The Boleo project is an advanced stage copper/cobalt/zinc/manganese development located in Baja California Sur, Mexico. Discovered in the late 1800s, the property consists of 25 mineral concessions covering 20,490.9ha, with 24 being contiguous.
The property was staked by Baja Mining in 1992. In the mid-1990s, it was optioned to International Curator. Baja Mining acquired it in 2001.
Construction of the project started in November 2010 and mining operations began in the first half of 2014. First copper from the project was produced on 17 January 2015. The cobalt-zinc circuits are expected to be commissioned by March 2015, and will achieve production ramp-up by October 2015. The mine has an estimated life of 22 years.

Geology
The deposit lies within the late Miocene aged El Boleo Formation within fine to coarse clastic sedimentary rocks. The rocks lie unconformably over Comondú Volcanics, andesitic rocks belonging to the early or middle Miocene age. The andesitic rocks are underlain by Cretaceous aged granodiorite.

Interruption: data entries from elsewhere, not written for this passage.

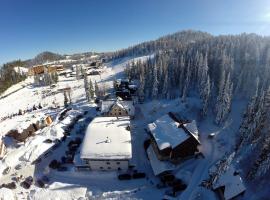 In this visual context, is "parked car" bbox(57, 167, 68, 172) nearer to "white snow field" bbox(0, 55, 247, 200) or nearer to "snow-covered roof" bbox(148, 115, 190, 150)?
"white snow field" bbox(0, 55, 247, 200)

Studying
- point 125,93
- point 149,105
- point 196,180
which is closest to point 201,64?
point 149,105

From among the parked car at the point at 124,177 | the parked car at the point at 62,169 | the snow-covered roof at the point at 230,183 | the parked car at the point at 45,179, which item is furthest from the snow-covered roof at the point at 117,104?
the snow-covered roof at the point at 230,183

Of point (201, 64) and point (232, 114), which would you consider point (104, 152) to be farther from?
point (201, 64)

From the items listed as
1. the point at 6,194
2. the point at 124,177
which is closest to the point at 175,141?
the point at 124,177

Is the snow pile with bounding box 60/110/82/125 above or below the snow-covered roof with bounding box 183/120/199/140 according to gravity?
below

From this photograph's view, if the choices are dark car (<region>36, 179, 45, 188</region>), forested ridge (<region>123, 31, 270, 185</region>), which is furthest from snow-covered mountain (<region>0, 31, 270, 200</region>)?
dark car (<region>36, 179, 45, 188</region>)

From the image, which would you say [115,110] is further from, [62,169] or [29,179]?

A cyclic succession of up to 270m thick clastic beds forms the next stratigraphic sequence. The cycles range between 20m to 140m in thickness with the earliest cycle being the thickest. It includes basal mud and fine volcanic ash horizon that hosts the mantos. The mantos are covered by progressively coarser material of maroon coloured, tuffaceous claystone, siltstone, feldspathic sandstone, pebbly sandstone and eventually cobble to boulder orthoconglomerates.
The upper, regionally eroded section of the formation is unconformably overlain by barren and fossil-rich similar sedimentary sequences of Pliocene and Pleistocene aged delta and beach deposits namely Gloria, Infierno and Santa Rosalía Formations. The Boleo basin is hosted within the sub-basins of the Santa Rosalía basin. The El Boleo basin comprises the El Boleo and the overlying formations.

Mining and processing
The project employs both underground and open-pit mining methods. Approximately 90% of the material is anticipated to come from underground operations and the remainder from surface operations. Room-and-pillar mining methods using continuous miners are used.
The processing plant operates at a rate of 3.1Mt/y. It crushes and mills the ore in seawater. This is followed by atmospheric leaching of the whole ore stream at elevated temperatures. Oxidative and a reductive leach are included in the leach circuit to ensure the recovery of oxide and sulphide minerals. From the leach slurry, the metals are separated in a counter current decantation washing circuit.
The dissolved metals are recovered at high-efficiency from the wash solution and concentrated in four independent solvent extraction circuits, two electrowinning circuits and a fluid bed drying operation to produce high-quality copper and cobalt metal cathode and zinc sulphate monohydrate crystals.
Direct solvent extraction technology is used in the second solvent extraction circuit to separate Mn from Co and Zn in the process solution.